═════ Material for the task

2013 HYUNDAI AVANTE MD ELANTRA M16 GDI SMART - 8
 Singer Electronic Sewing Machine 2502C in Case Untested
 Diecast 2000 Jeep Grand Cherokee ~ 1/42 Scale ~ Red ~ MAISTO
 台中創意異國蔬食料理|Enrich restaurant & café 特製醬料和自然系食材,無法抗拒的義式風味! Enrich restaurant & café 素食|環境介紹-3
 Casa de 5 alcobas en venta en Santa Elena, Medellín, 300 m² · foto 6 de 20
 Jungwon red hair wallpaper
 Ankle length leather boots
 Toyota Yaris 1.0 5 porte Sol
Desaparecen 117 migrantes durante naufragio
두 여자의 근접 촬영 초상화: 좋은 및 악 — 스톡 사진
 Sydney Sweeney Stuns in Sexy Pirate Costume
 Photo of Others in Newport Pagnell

══════════

* [Task requirements]
Word for word, retype the lines from the one containing "Desaparecen 117 migrantes durante naufragio" through the final line of the data, including both ends and nothing more.

* [Answer for this exercise]
Desaparecen 117 migrantes durante naufragio
두 여자의 근접 촬영 초상화: 좋은 및 악 — 스톡 사진
 Sydney Sweeney Stuns in Sexy Pirate Costume
 Photo of Others in Newport Pagnell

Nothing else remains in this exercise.